● **WHAT THIS TASK INVOLVES**:
Each line of the data is to be output verbatim, with the images removed.

● **SOURCE DATA**:
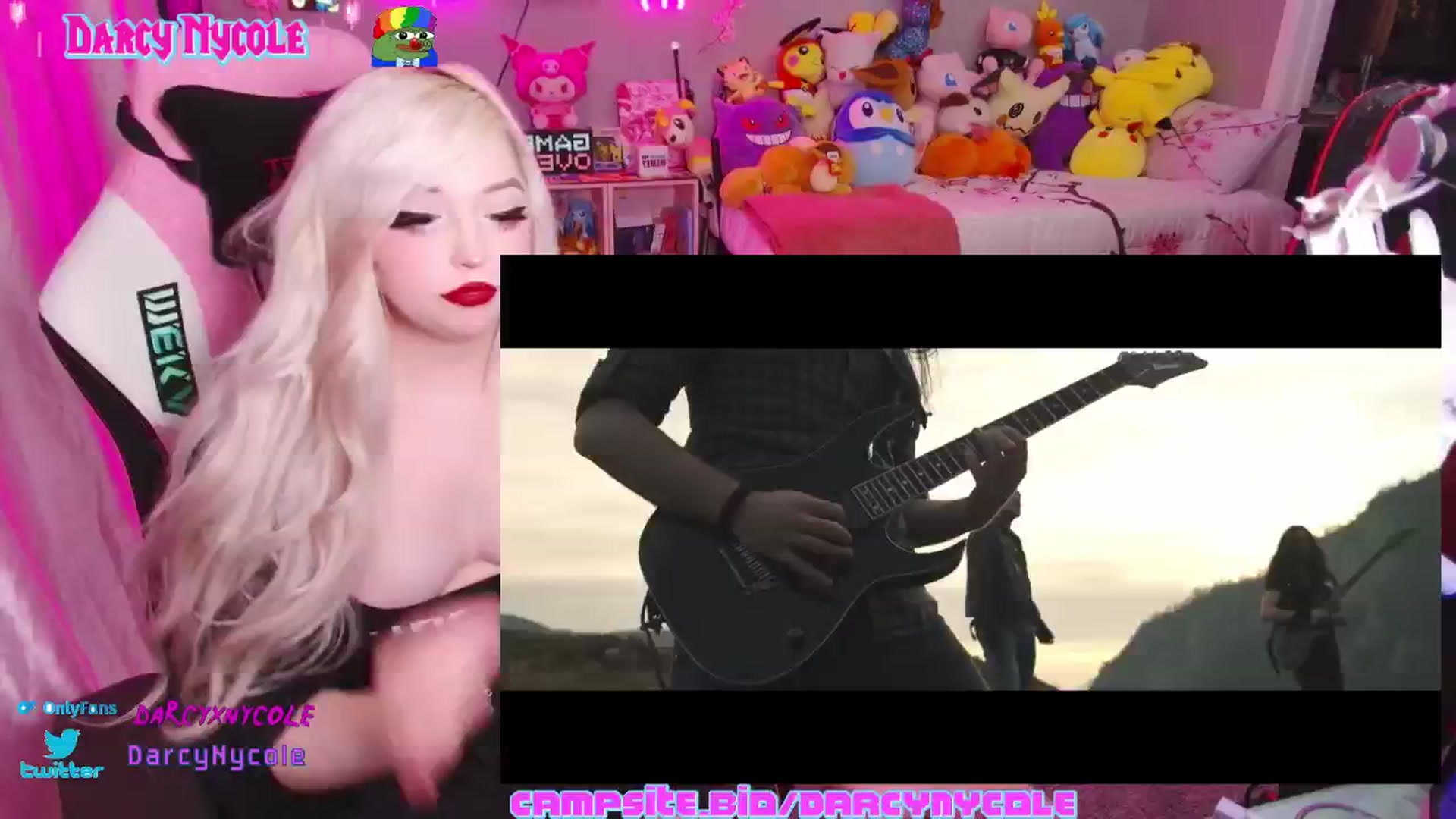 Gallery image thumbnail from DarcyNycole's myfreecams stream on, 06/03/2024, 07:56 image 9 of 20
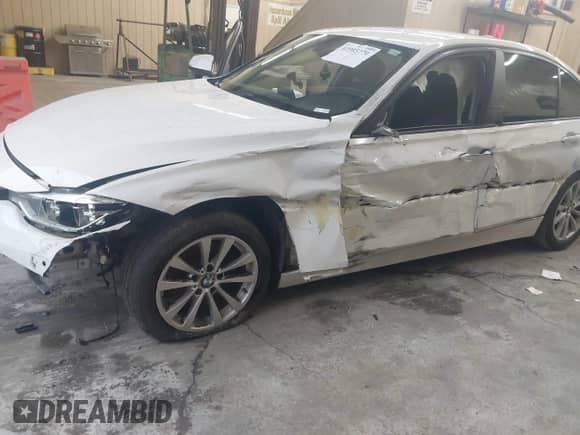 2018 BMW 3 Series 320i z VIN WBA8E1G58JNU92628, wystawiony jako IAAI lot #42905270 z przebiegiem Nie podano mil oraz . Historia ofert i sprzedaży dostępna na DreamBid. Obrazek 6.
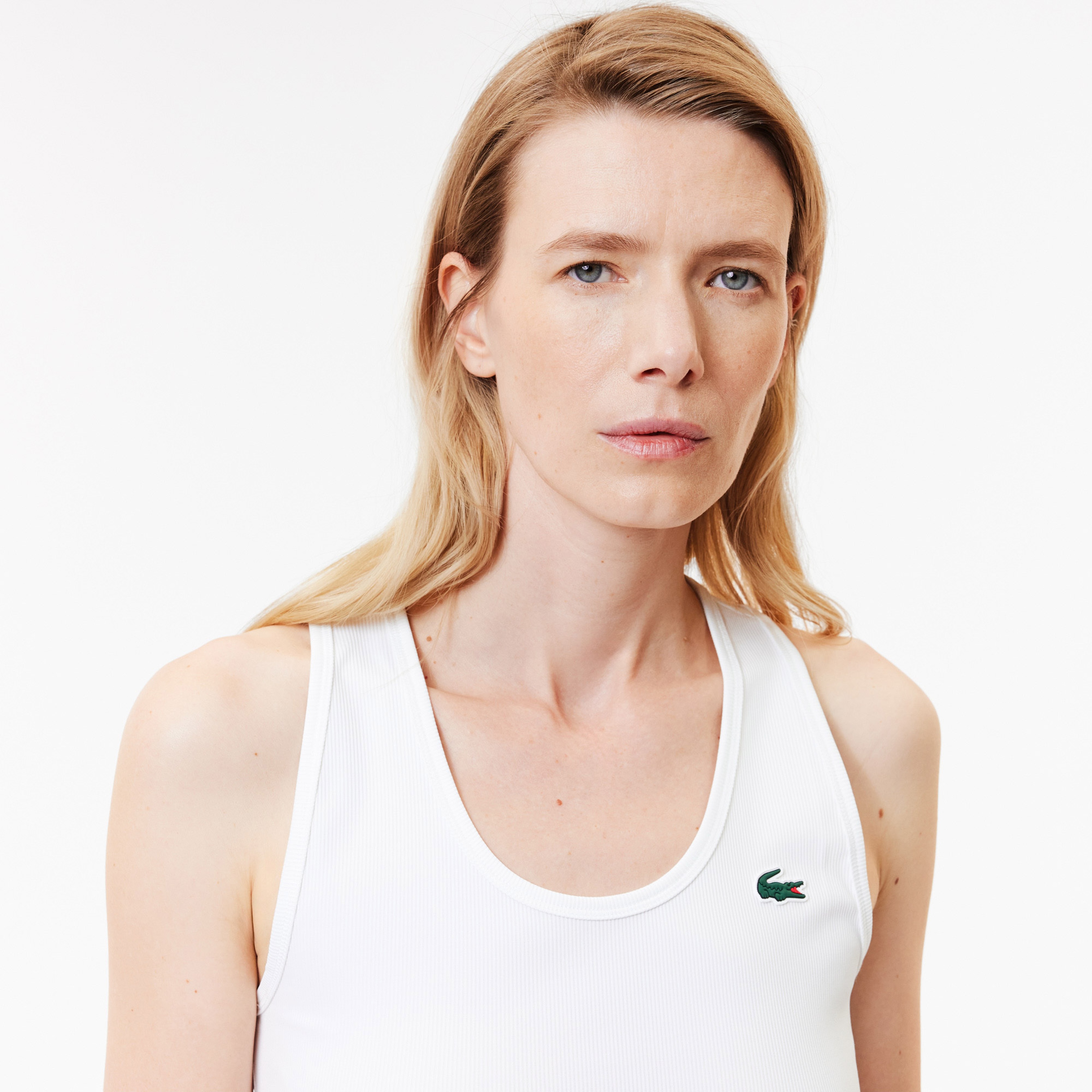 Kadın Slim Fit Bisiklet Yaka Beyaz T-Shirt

● **YOUR SOLUTION**:
 Gallery image thumbnail from DarcyNycole's myfreecams stream on, 06/03/2024, 07:56 image 9 of 20
 2018 BMW 3 Series 320i z VIN WBA8E1G58JNU92628, wystawiony jako IAAI lot #42905270 z przebiegiem Nie podano mil oraz . Historia ofert i sprzedaży dostępna na DreamBid. Obrazek 6.
 Kadın Slim Fit Bisiklet Yaka Beyaz T-Shirt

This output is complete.